Lord Hanningfield: the case for smaller government

There are,it seems, 800 members of the House of Lords, none of them elected. It's a good job they don't all turn up at once. It would make the Club terribly overcrowded.

It is a Club, no more than a Club, a home for has-beens and dodgy-dealers. (Don't give me that stuff about The Great and the Good: they are in a tiny minority).

One of our Peers of the Realm, Lord Hanningfield, is up before the beak right now. Fiddling his expenses. I feel sorry for him. There but for fortune (or, in the case of Baroness Uddin, the Director of Public Prosecutions) could go many of his lordly chums. How many do you suppose are honest? The majority? I doubt it.

It does rather prove the case that British voters are not ready for democracy that they have never insisted upon an elected Parliament, clearly being quite ready to settle for one House elected and one not.

In retrospect, Tony Blair appears to have been an awful Radical in kicking the hereditaries out of the House of Lords and that must be one of the reasons why William and Kate didn't invite him to their wedding. They aren't on the side of democracy either, which is why they are so wildly popular.

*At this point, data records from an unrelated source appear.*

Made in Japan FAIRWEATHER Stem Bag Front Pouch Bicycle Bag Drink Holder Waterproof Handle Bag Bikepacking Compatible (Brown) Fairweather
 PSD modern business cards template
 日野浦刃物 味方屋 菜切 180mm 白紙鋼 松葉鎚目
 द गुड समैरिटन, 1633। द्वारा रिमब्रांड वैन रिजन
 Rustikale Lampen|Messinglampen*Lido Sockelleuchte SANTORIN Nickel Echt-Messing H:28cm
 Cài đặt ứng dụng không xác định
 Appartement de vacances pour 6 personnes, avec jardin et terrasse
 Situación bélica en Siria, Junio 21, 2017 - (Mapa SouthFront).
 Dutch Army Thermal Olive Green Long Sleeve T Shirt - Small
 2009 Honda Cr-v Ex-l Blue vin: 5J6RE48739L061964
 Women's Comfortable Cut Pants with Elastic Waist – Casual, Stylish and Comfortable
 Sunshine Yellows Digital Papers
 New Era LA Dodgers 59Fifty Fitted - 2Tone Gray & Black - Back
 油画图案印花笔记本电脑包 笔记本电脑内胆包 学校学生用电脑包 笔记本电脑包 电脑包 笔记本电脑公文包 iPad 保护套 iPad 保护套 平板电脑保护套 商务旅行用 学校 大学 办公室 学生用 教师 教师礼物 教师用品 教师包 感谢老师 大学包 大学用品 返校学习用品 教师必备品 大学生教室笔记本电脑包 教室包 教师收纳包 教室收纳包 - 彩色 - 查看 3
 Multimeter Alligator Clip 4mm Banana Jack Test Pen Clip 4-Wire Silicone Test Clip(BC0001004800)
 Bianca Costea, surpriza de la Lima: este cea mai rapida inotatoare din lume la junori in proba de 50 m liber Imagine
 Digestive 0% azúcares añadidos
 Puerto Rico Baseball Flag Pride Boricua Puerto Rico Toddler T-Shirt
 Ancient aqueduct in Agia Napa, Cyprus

So it's another Lost Cause to suggest that the best thing to do with the House of Lords is abolish it altogether. The only way I can make this idea remotely attractive is to suggest that the Taxpayers' Alliance might favour it in pursuit of the ideal of smaller, balanced-books, government. Lord Hanningfield has cost us a lot of money already and will cost us even more if he goes to jail. Close down the House of Lords, remove temptation, save money, annoy Lord Prescott.